OAS observers conclude that Grenada’s elections left “very positive” impressions

Grenada’s general elections of this past July 8 left “very positive” impressions on the Organization of American States (OAS) election observers, Assistant Secretary General Albert Ramdin confirmed in a preliminary report delivered to the Permanent Council today. It was the third time that the OAS was observing a Grenadian election.

The OAS Member States hailed the report and congratulated the people of Grenada for their demonstrated commitment to the democratic process, in which the Tillman Thomas-led National Democratic Congress (NDC) won 11 of the 15 parliamentary seats at stake, the remaining four seats going to Keith Mitchell’s New National Party (NNP). Members of the OAS Electoral Observation Mission were on hand for Thomas’ July 9 swearing-in as Prime Minister of Grenada.

An eight-point proposal was included in the OAS report, highlighting recommendations for the Parliamentary Elections Office to take a more visible, ongoing role in voter education and outreach to a variety of political stakeholders “to promote the democratic process at all times, not merely in the election period.”

Ambassador Ramdin, who led the OAS Electoral Observation in Grenada, told the member countries’ ambassadors in the OAS Permanent Council that anxieties expressed by various political stakeholders prior to the elections “proved unfounded.” The OAS team of election monitors, numbering 38 on Election Day, had visited all polling stations at least once—and some twice or three times during the day—and concluded that “the environment in which citizens voted was orderly and peaceful,” Ramdin told the Permanent Council meeting, chaired by Belizean Ambassador Nestor Mendez.

“There were no reported instances of unruly behavior or of intimidation of voters at polling sites or of any serious irregularities,” Ramdin added, pointing as well to an “extremely high” voter turn-out, estimated at more than 80 per cent.

In his detailed report on what the OAS monitors observed of the process that culminated in the July 8 general elections, Assistant Secretary General Ramdin commented on the orderly conduct of poll workers and others involved, noting that polls closed promptly at 5:00 p.m. and, “as at the opening, electoral officials followed the proper procedures carefully and efficiently.”

The OAS Electoral Observation Mission also noted “relatively few areas in which it felt that the electoral process in Grenada could be improved.” The Mission recommended that in order to improve the system, an accurate voter’s list should be produced at an early date; all political parties and civil society should collaborate to agree on conduct during election campaigns; and that a cross-party accord on campaign financing and media access would be useful to promote transparency and accountability.

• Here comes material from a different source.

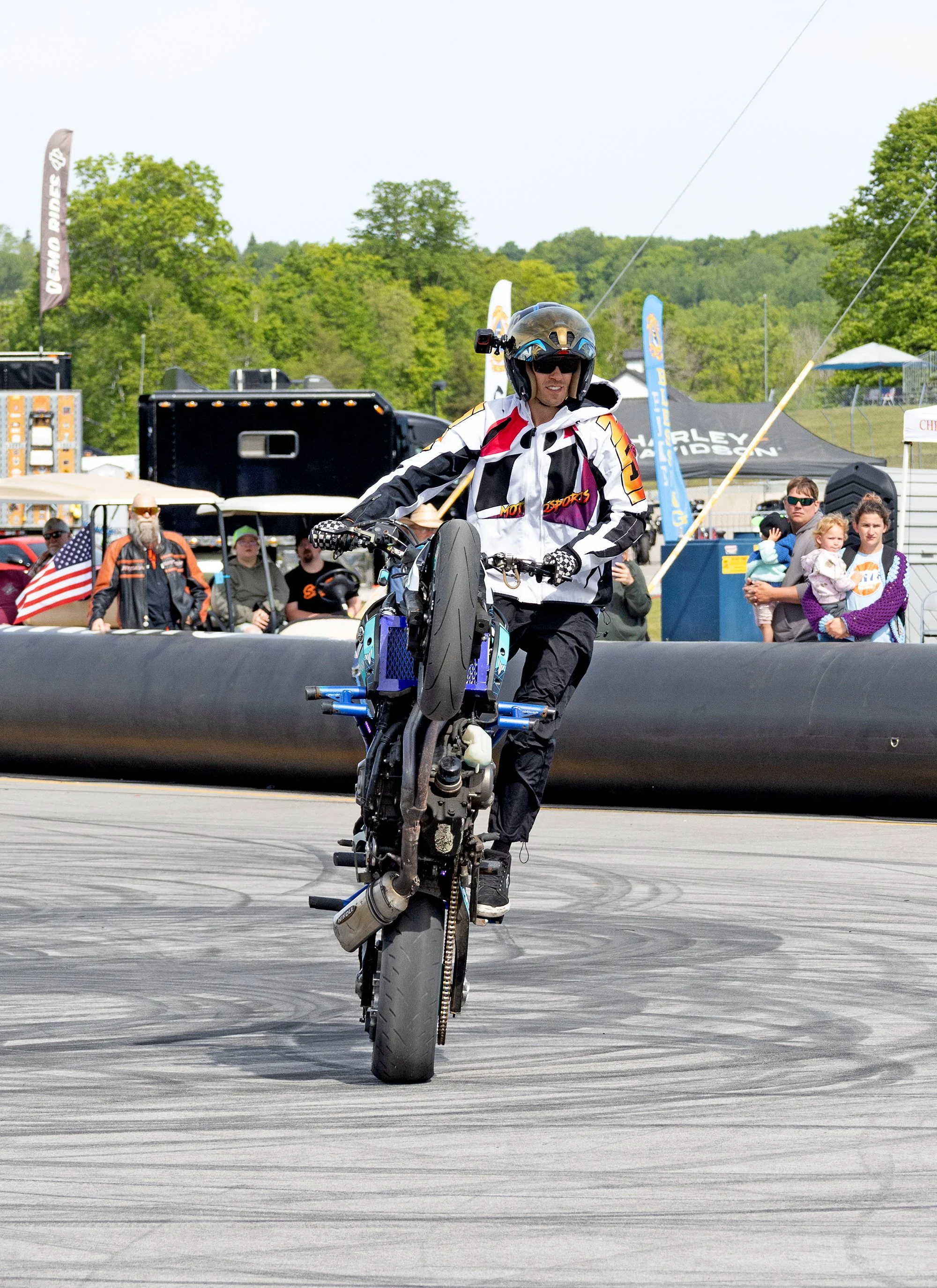 A person in motocross gear performing a stunt on a motorcycle at an outdoor event, with spectators and flags in the background.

In response to their requests, the OAS confirmed its commitment to helping civil society organizations in Grenada as they seek to build capacity “to assume a broader ongoing neutral role in monitoring and debating governance issues.”

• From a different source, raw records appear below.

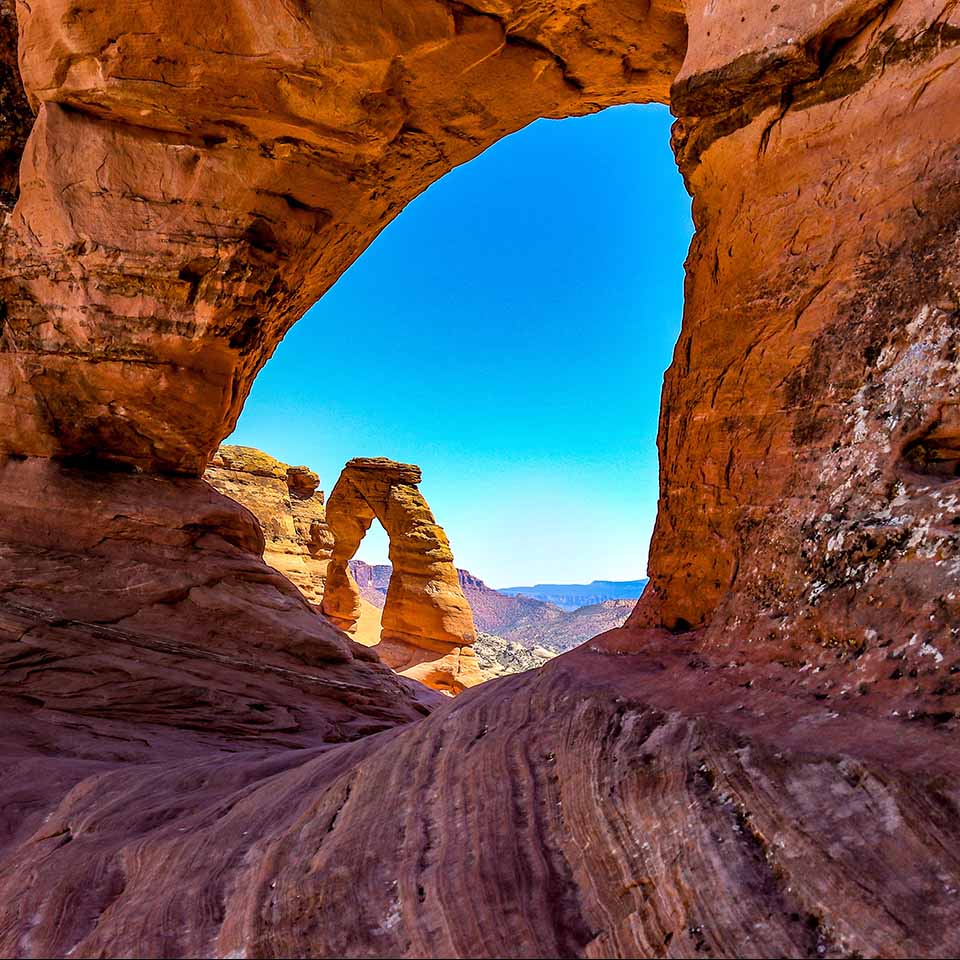 MR0FX7 - The Arches National Park, Moab Utah. A view from one of the smaller arches shows the Delicate Arch in the background. Resembles a Cat's Eye 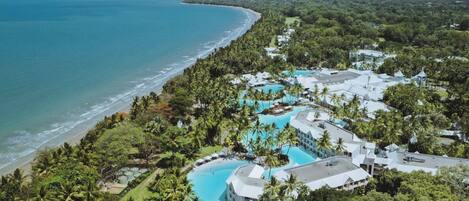 An aerial view of a resort with a large pool, beachfront, and lush greenery.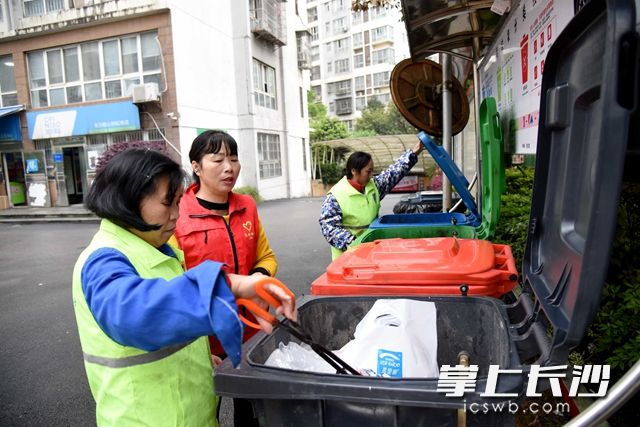 麓谷街道錦繡社區(qū)麓山潤(rùn)城小區(qū)志愿者在桶邊檢查垃圾是否投放準(zhǔn)確。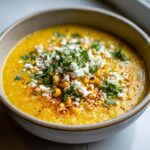 Close-up of a bowl of vibrant yellow mexican street corn soup topped with cotija cheese, chili powder, and cilantro.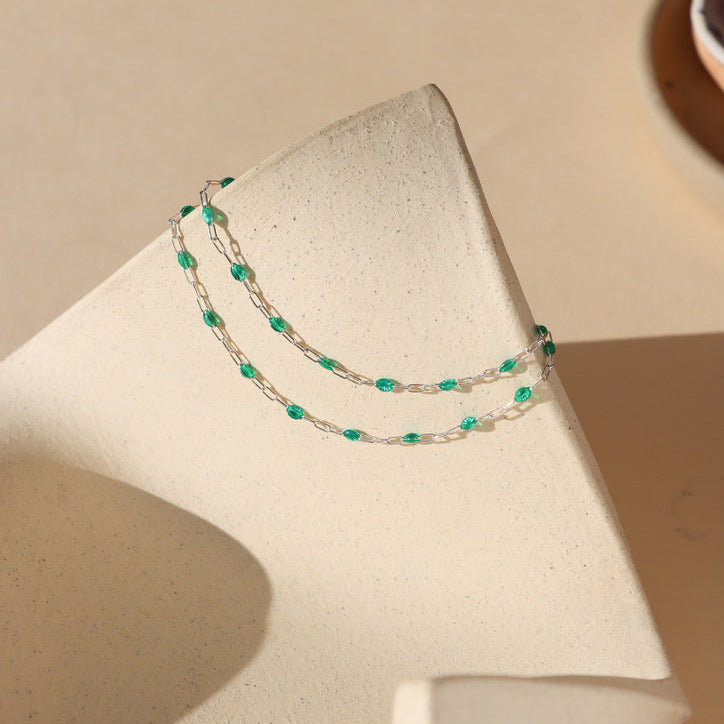 sterling silver chain with emerald enamel links on a light dish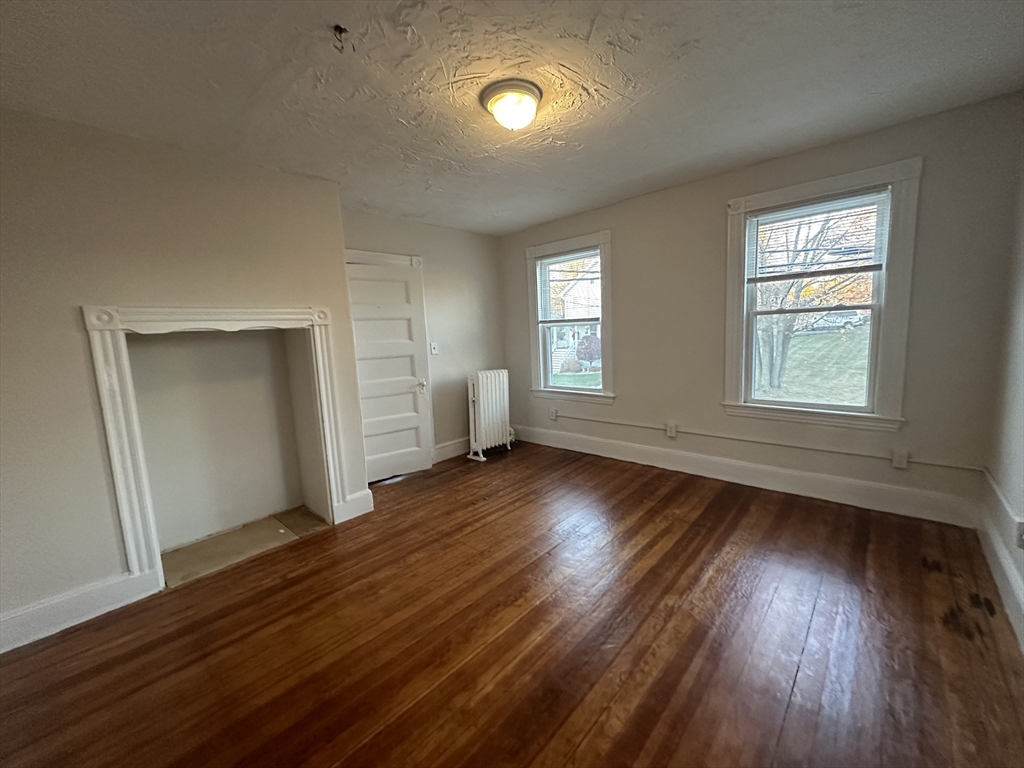 26 North Main Street, Unit 4 Natick, MA 01760 - Photo 7 of 13 an empty room with wooden floor and windows
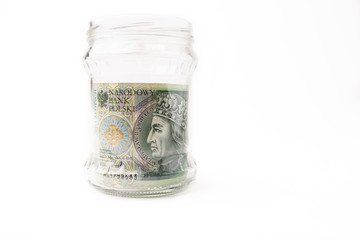 File of paper banknotes in a jar showing our saving or savings for the future and retirement. Financial freedom by postponing savings, passive income. Collected money. White Isolated Background.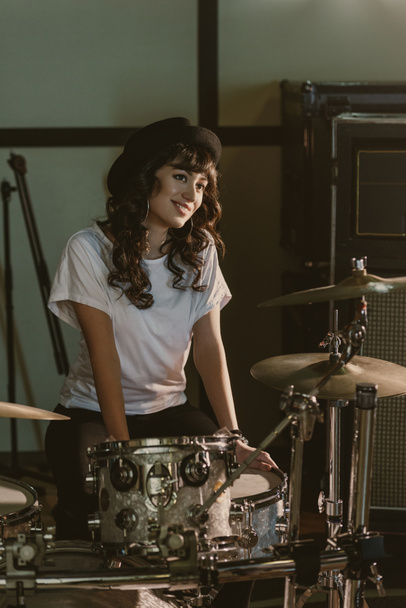attractive female drummer sitting at drum set - Photo, Image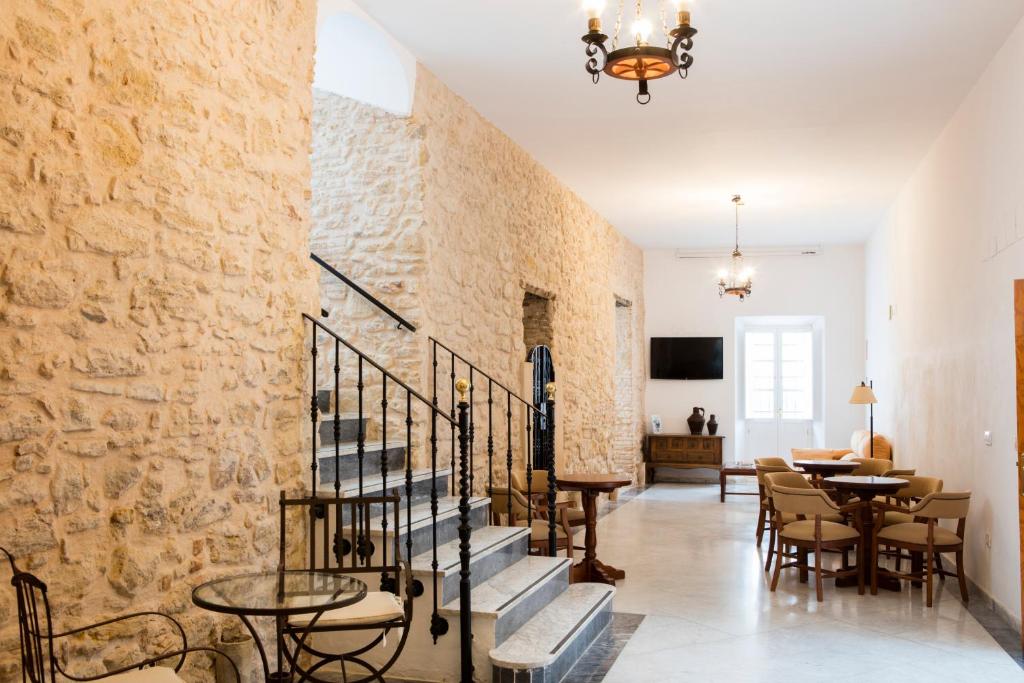 Habitación con escaleras, mesas y pared de piedra. en Hotel Tugasa Casa Palacio Medina Sidonia, en Medina Sidonia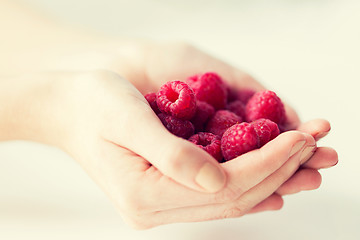 Image showing close up of woman hands holding raspberries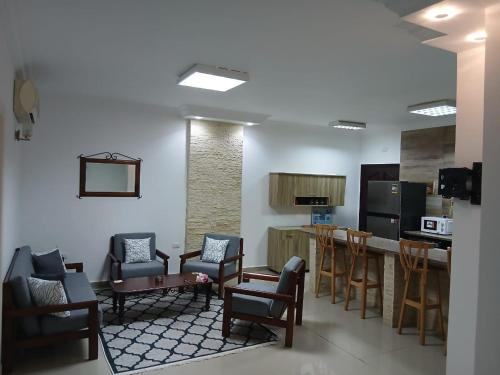 a living room with chairs and a kitchen with a counter at Sea View 2 Bedroom Apartment in El-Hadaba in Hurghada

Ambassador Ramdin specially acknowledged the “crucial financial support” and observers provided by the governments of Canada, China, the United Kingdom and the United States to facilitate the Electoral Observation Mission in Grenada. In addition to the team members and the OAS Office in Grenada, Ramdin also thanked St. George’s University in Grenada as well as the University of the West Indies for providing observers.

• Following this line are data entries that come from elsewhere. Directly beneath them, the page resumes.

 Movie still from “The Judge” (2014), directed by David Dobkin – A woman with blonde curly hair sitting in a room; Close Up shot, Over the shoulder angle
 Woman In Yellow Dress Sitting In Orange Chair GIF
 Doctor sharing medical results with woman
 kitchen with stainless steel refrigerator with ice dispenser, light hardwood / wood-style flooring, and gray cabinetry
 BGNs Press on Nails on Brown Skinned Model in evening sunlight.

Grenada’s Permanent Representative to the OAS, Ambassador Denis Antoine, stressed that in observing last week’s elections, the hemispheric organization witnessed “democracy in action.” The process of general elections affirmed that democracy is alive and well in Grenada, Antoine added. He also thanked the OAS for its continued engagement with Grenada, and said that the Electoral Observation Mission’s recommendations were well-received.